### Exercise
The records below are to be restated word for word; their pictures are not.

━━━ Available data

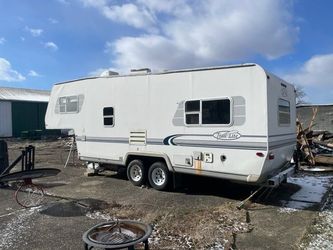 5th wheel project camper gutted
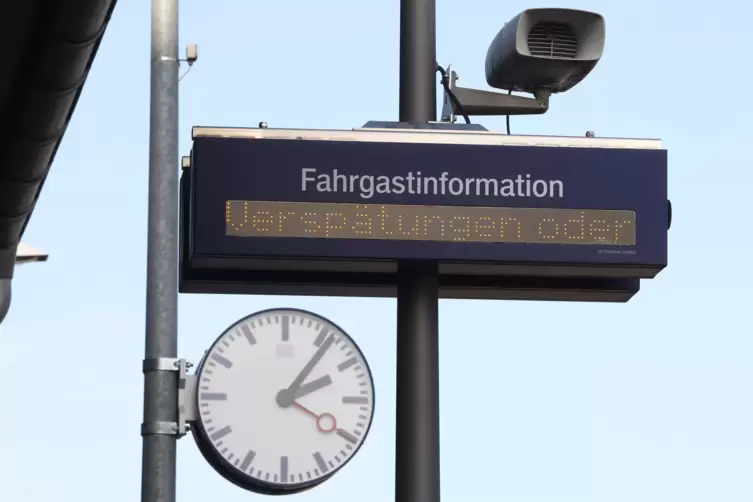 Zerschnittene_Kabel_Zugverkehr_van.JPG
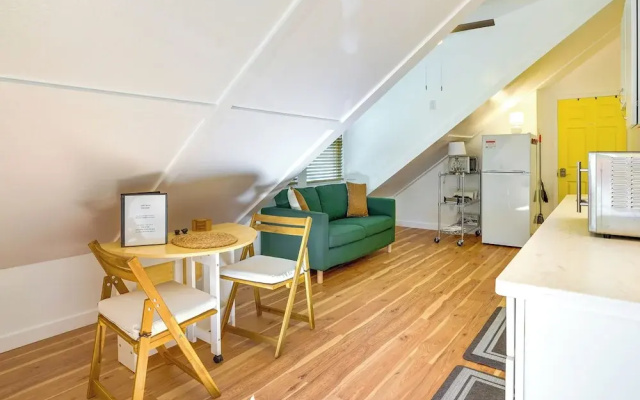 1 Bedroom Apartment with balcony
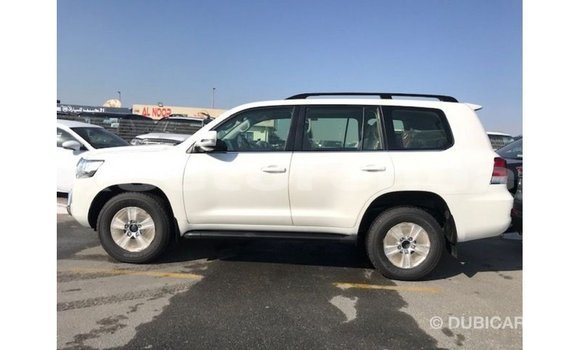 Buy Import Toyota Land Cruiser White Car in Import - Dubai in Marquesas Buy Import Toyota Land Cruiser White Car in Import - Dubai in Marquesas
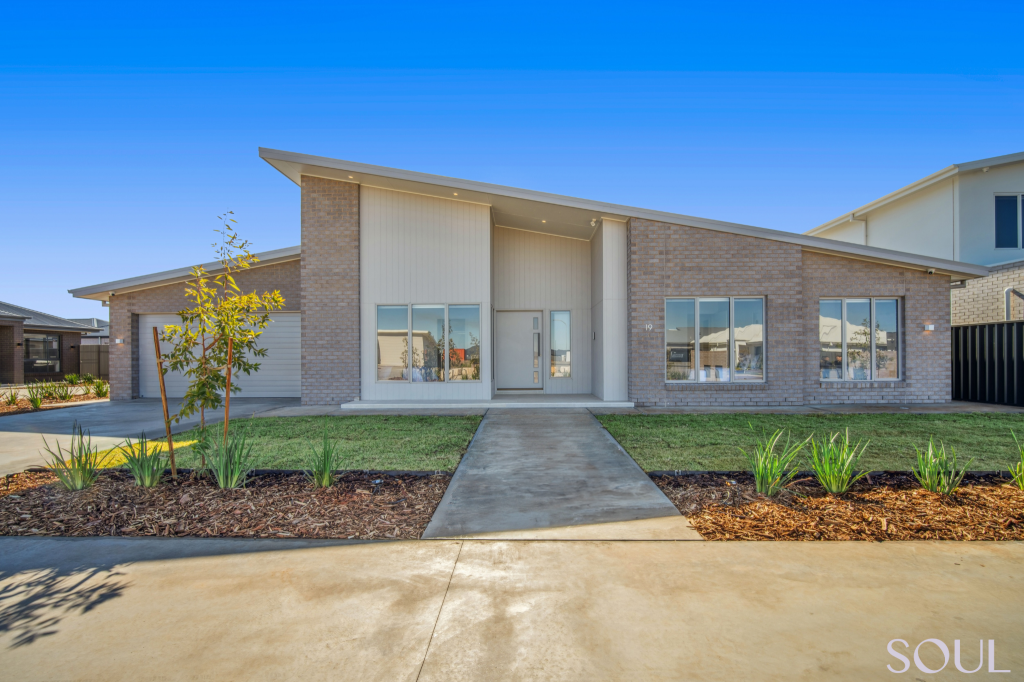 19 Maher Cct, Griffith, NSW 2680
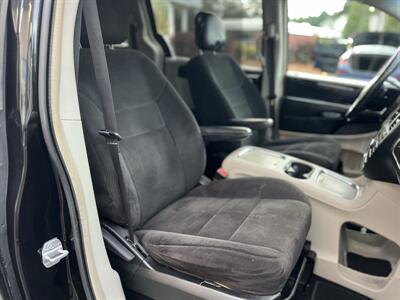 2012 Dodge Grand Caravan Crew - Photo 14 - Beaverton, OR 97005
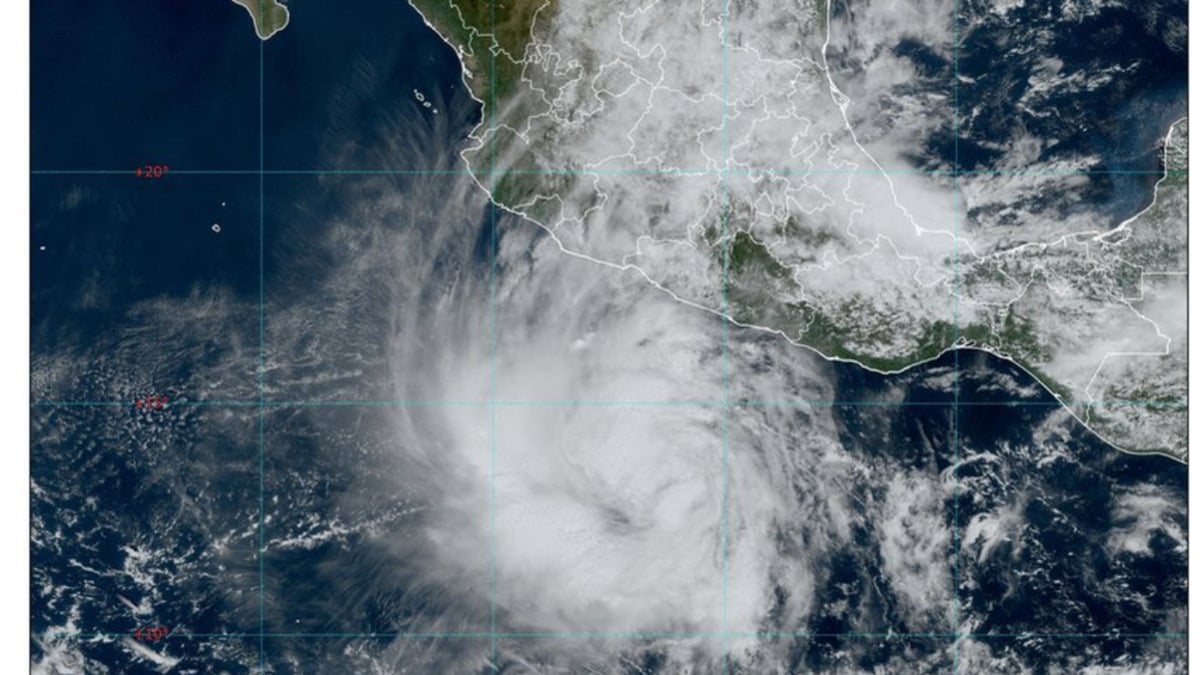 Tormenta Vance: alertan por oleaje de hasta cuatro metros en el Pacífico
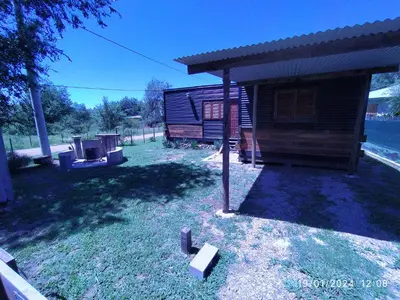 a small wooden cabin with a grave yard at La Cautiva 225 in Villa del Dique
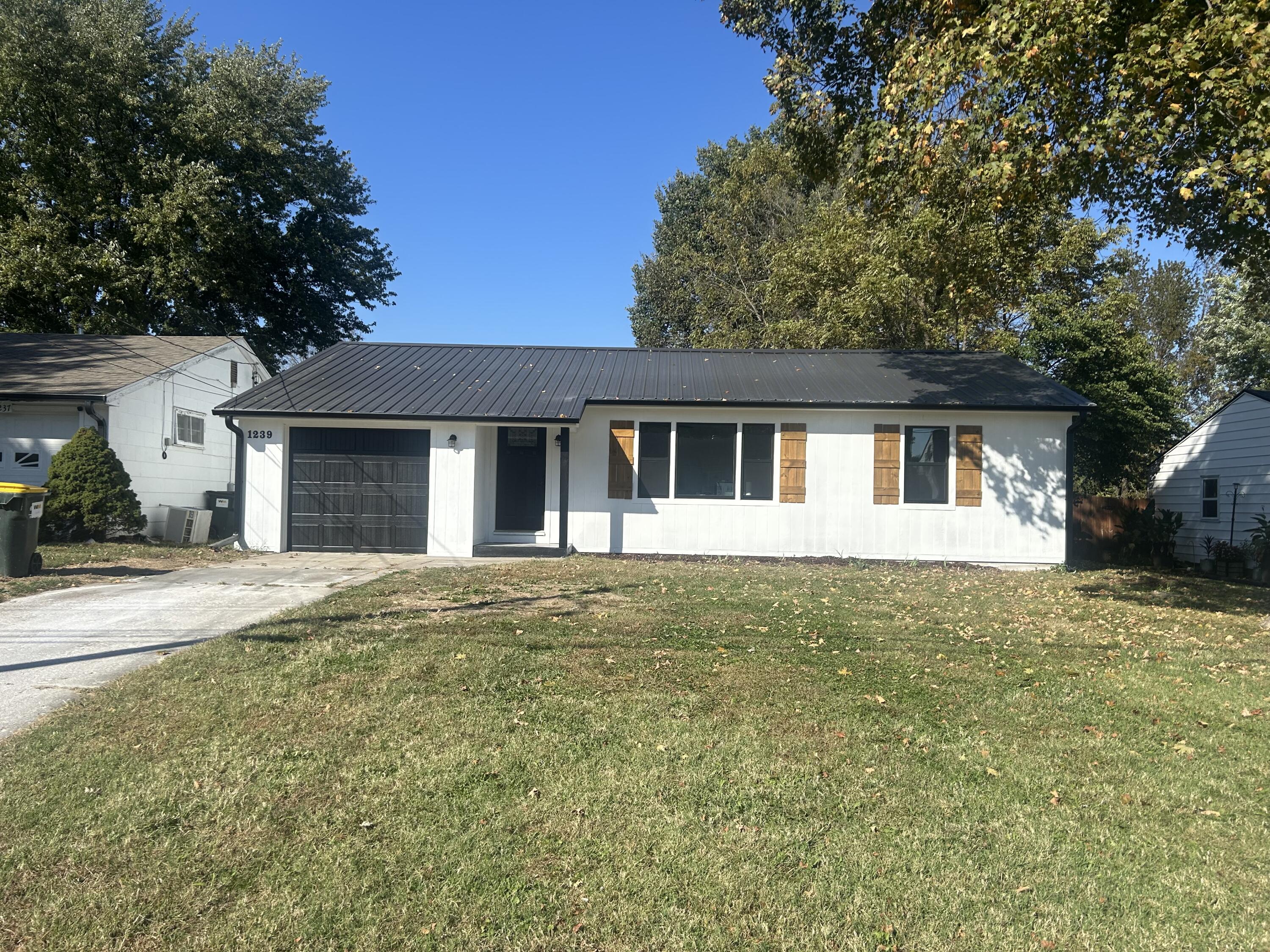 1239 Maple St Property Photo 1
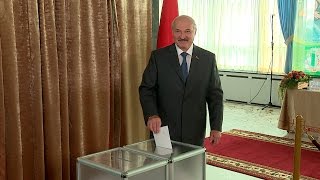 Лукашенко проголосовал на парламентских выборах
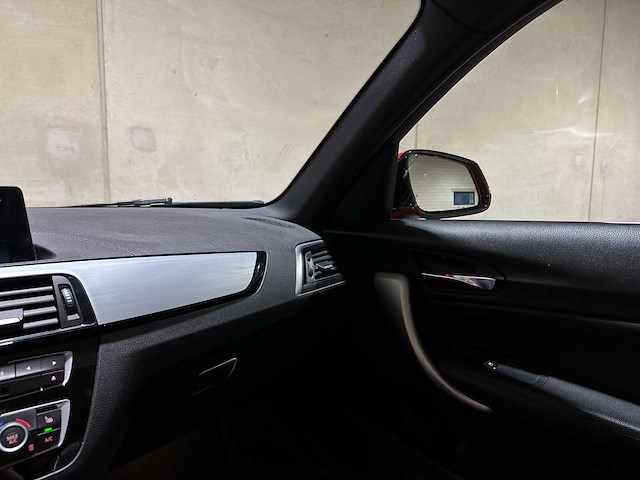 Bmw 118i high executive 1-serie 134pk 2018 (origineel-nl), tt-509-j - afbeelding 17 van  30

━━━━━━

### Task result
 5th wheel project camper gutted
 Zerschnittene_Kabel_Zugverkehr_van.JPG
 1 Bedroom Apartment with balcony
 Buy Import Toyota Land Cruiser White Car in Import - Dubai in Marquesas Buy Import Toyota Land Cruiser White Car in Import - Dubai in Marquesas
 19 Maher Cct, Griffith, NSW 2680
 2012 Dodge Grand Caravan Crew - Photo 14 - Beaverton, OR 97005
 Tormenta Vance: alertan por oleaje de hasta cuatro metros en el Pacífico
 a small wooden cabin with a grave yard at La Cautiva 225 in Villa del Dique
 1239 Maple St Property Photo 1
 Лукашенко проголосовал на парламентских выборах
 Bmw 118i high executive 1-serie 134pk 2018 (origineel-nl), tt-509-j - afbeelding 17 van  30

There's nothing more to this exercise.